Etats-Unis : Al Gore contre George W. Bush
Les votes du Super Tuesday ont confirmé les enquêtes des instituts de sondages. Al Gore chez les Démocrates et George W. Bush chez les Républicains se disputeront la présidence des Etats-Unis
Les sondages n'ont pas été démentis par les électeurs. Il n'y a pas eu, comme l'espérait John Mc Cain de retournement de situation de dernière minute. George W. Bush est bien le grand gagnant du "Super Tuesday". Il bat son rival dans neuf des treize Etats où se déroulaient des primaires républicaines, et dispose à présent d'une confortable avance sur Mc Cain, qui devrait lui assurer l'investiture du parti républicain pour briguer en novembre prochain la présidence des Etats-Unis. Bush a remporté hier les primaires les plus importantes. En Californie, l'Etat le plus convoité, il bat son adversaire de près de 25 points (60%, contre 36% pour Mc Cain), et emporte ainsi les 162 délégués dédiés au vainqueur. A New York, où les deux protagonistes étaient au coude à coude d'après les sondages, Bush gagne avec huit points d'avance (51% contre 43%). Bush triomphe encore avec plus de vingt points d'avance dans les Etats du Middle-West (Ohio, Missouri), et dans le seul Etat du sud qui votait hier, la Géorgie. Le héros de la guerre du Vietnam ne parvient finalement à l'emporter que dans quatre Etats de Nouvelle-Angleterre (Massachussetts, Connecticut, Rhode Island, Vermont).
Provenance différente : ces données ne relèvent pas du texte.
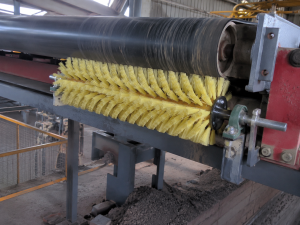 Conveyor Belt Cleaning Brushes vs Air Cleaning Systems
Les sondages sortis des urnes donnent à penser que John Mc Cain a payé cher sa fin de campagne plus agressive. Alors que depuis le début il basait son discours sur une ligne morale et éthique (il a commencé sa campagne en critiquant l'opacité du financement de la campagne électorale), son discours des dernières semaines est devenu plus polémiques, envers la droite chrétienne notamment et son rival (il a traité de "force du mal" deux leaders de la droite chrétienne Pat Robertson et Jerry Falwell). Ce changement de conduite a, semble-t-il, surpris les électeurs. A New York par exemple, quatre électeurs sur dix ont déclaré que les déclarations de Mc Cain sur les deux prêcheurs ont influencé leur vote, au moins "quelque peu". D'autre part, la moitié des électeurs républicains de l'Ohio ont trouvé injustifiées les dernières attaques de Mc Cain envers George Bush, contre un tiers seulement des électeurs qui ont jugé exagérés les propos de Bush sur Mc Cain.
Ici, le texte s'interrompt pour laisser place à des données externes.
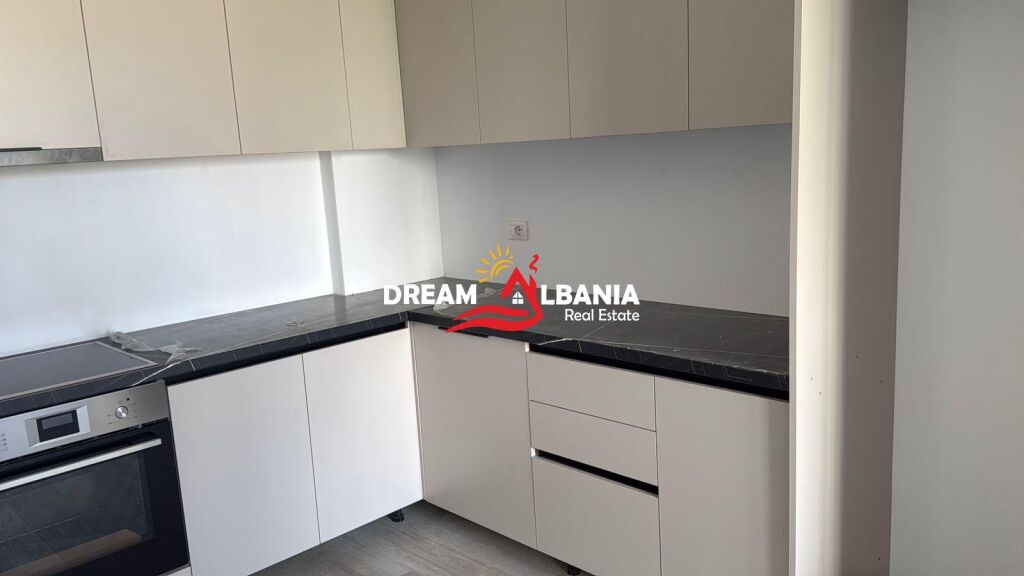 Affittasi appartamento 1+1, Via Jordan Misja vicino a SPAK (ID 42111577)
Le fils de l'ancien président a su profiter des dérapages du sénateur de l'Arizona pour rassembler autour de sa candidature le cœur de l'électorat républicain. Les deux tiers des électeurs "conservateurs" ont finalement choisi Bush plutôt que Mc Cain. Ce dernier n'a vraiment bénéficié que du soutien des électeurs "indépendants" ou "modérés", qui n'étaient pas invités à voter dans les primaires les plus importantes (Californie et New York notamment). En revanche, la réussite de Bush est éclatante, même dans des Etats où l'issue du scrutin était incertaine. Dans l'Ohio et le Missouri par exemple, "W" a réussi à séduire tous les groupes démographiques. Il sort vainqueur chez les femmes, les hommes, les jeunes, les vieux, haut et bas niveaux d'étude.
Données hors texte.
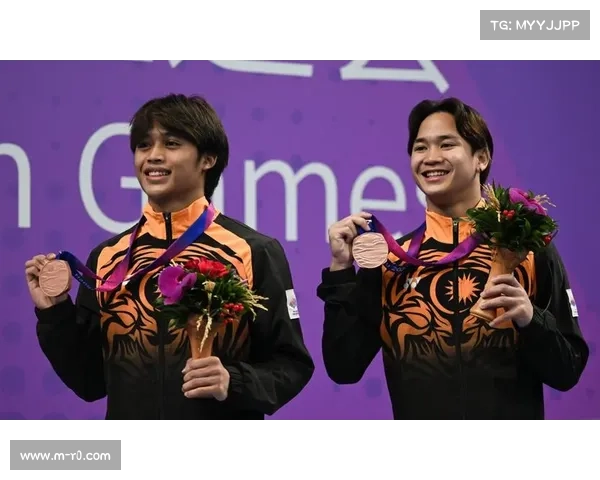 男子双人十米跳台，黄子淦杨凌分摘铜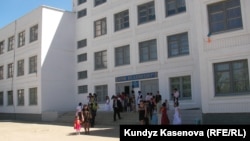 Одна из средних школ города Актобе. 23 мая 2011 года.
Quelle que soit la stratégie qu'adoptera Mc Cain, le calendrier des prochaines primaires, et notamment le déroulement prochain d'élections au Texas et dans le Sud, est favorable à Bush. Ce dernier ne semble d'ailleurs pas se faire beaucoup de souci, puisqu'il semble d'ores et déjà avoir changé d'adversaire. Après avoir commenté sa victoire, le gouverneur du Texas n'a pu s'empêcher de s'en prendre au vainqueur chez les démocrates Al Gore, marquant ainsi le début d'une nouvelle campagne.
Al Gore sera en effet son adversaire démocrate pour la Maison Blanche. Le Super Tuesday n'a fait que confirmer un succès attendu devant un pâle Bill Bradley. Al Gore l'a emporté dans toutes les primaires depuis le début de la campagne, à chaque fois avec une avance confortable. Il a gagné avec plus de trente points d'avance à New York, (où Bradley jouait pourtant dans l'équipe de basket), et dans le Missouri (où Bradley est né et a grandi). Al Gore a devancé son rival chez tous les groupes démographiques (hommes/femmes ; Noirs/Blancs…) et a remporté toutes les primaires. Bill Bradley devrait dans les prochaines heures annoncer son retrait de la course à l'investiture démocrate.
On s'achemine donc vers un duel Bush-Al Gore pour la Maison Blanche. La lutte s'annonce particulièrement serrée. Le dernier sondage du Wall Street Journal donne les deux hommes à égalité, avec 46% des intentions de vote. Les premières déclarations agressives de Bush envers son adversaire après les résultats des primaires laissent déjà présager de l'âpreté du débat. "Gore est le candidat de l'immobilisme ", a-t-il lancé. Nul doute que l'actuel vice-président des Etats-Unis lancera, aussi, quelques flèches empoisonnées à celui qui est désormais son seul véritable adversaire.
Dans tous les cas, le réseau Internet sera fortement surveillé le jour de l'élection générale, le 7 novembre prochain. En toute illégalité, des sondages "sortis des urnes" ont été diffusés hier sur plusieurs sites web, bien avant l'heure de fermeture des bureaux de vote. Les résultats partiels des élections ("the worst kept secret in politics"), distribués régulièrement aux organes de presse pendant la journée mais censés rester secrets jusqu'à la fermeture des bureaux de vote sont apparues entre autre sur le site Drudge Report, spécialisé dans les rumeurs. Pour l'heure, cependant, aucune plainte officielle des différents candidats n'a été déposée.